------ Recorded data ------
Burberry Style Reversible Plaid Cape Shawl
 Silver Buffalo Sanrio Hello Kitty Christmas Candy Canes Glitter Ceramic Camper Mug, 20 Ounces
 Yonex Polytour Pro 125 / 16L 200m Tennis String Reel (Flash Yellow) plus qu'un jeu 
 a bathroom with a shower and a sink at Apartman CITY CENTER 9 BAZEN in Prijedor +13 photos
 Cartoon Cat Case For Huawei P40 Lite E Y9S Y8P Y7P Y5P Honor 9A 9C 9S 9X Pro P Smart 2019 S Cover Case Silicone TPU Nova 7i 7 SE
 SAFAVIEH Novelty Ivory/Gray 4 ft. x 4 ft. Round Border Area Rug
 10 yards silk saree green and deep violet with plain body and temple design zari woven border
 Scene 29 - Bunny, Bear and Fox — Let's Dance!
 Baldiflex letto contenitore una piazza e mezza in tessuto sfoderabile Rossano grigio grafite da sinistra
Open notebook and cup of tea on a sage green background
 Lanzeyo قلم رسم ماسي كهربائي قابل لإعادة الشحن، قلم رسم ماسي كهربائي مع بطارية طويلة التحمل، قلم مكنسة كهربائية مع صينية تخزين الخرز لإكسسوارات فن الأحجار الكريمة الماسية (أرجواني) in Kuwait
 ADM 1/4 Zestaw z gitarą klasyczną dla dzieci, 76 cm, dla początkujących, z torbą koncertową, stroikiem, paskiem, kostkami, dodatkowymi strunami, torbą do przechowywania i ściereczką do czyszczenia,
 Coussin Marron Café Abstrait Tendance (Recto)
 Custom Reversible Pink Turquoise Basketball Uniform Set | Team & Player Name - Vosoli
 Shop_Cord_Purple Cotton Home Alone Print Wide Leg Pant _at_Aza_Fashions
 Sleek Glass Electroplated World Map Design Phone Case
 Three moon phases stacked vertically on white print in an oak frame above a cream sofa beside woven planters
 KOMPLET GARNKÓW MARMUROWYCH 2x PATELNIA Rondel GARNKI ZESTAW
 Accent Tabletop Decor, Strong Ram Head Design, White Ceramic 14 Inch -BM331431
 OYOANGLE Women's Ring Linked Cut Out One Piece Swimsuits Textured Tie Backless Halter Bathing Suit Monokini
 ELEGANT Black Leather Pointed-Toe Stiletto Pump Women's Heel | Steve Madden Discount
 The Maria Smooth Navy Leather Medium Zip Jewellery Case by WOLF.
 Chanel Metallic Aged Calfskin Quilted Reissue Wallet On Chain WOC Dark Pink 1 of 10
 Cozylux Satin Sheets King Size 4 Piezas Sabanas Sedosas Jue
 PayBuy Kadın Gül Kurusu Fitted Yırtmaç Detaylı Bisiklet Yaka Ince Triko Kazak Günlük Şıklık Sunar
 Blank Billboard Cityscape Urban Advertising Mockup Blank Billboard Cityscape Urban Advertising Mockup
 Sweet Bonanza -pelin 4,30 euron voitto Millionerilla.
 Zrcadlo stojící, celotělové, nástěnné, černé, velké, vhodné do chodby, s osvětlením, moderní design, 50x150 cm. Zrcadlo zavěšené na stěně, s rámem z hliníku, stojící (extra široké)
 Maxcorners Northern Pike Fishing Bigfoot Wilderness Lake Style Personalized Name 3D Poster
------
**Brief**
A verbatim transcription is needed of the lines above, starting at the line with "Lanzeyo قلم رسم" and ending at the line with "OYOANGLE Women's Ring", both included, and of nothing else.

**Task solution**
 Lanzeyo قلم رسم ماسي كهربائي قابل لإعادة الشحن، قلم رسم ماسي كهربائي مع بطارية طويلة التحمل، قلم مكنسة كهربائية مع صينية تخزين الخرز لإكسسوارات فن الأحجار الكريمة الماسية (أرجواني) in Kuwait
 ADM 1/4 Zestaw z gitarą klasyczną dla dzieci, 76 cm, dla początkujących, z torbą koncertową, stroikiem, paskiem, kostkami, dodatkowymi strunami, torbą do przechowywania i ściereczką do czyszczenia,
 Coussin Marron Café Abstrait Tendance (Recto)
 Custom Reversible Pink Turquoise Basketball Uniform Set | Team & Player Name - Vosoli
 Shop_Cord_Purple Cotton Home Alone Print Wide Leg Pant _at_Aza_Fashions
 Sleek Glass Electroplated World Map Design Phone Case
 Three moon phases stacked vertically on white print in an oak frame above a cream sofa beside woven planters
 KOMPLET GARNKÓW MARMUROWYCH 2x PATELNIA Rondel GARNKI ZESTAW
 Accent Tabletop Decor, Strong Ram Head Design, White Ceramic 14 Inch -BM331431
 OYOANGLE Women's Ring Linked Cut Out One Piece Swimsuits Textured Tie Backless Halter Bathing Suit Monokini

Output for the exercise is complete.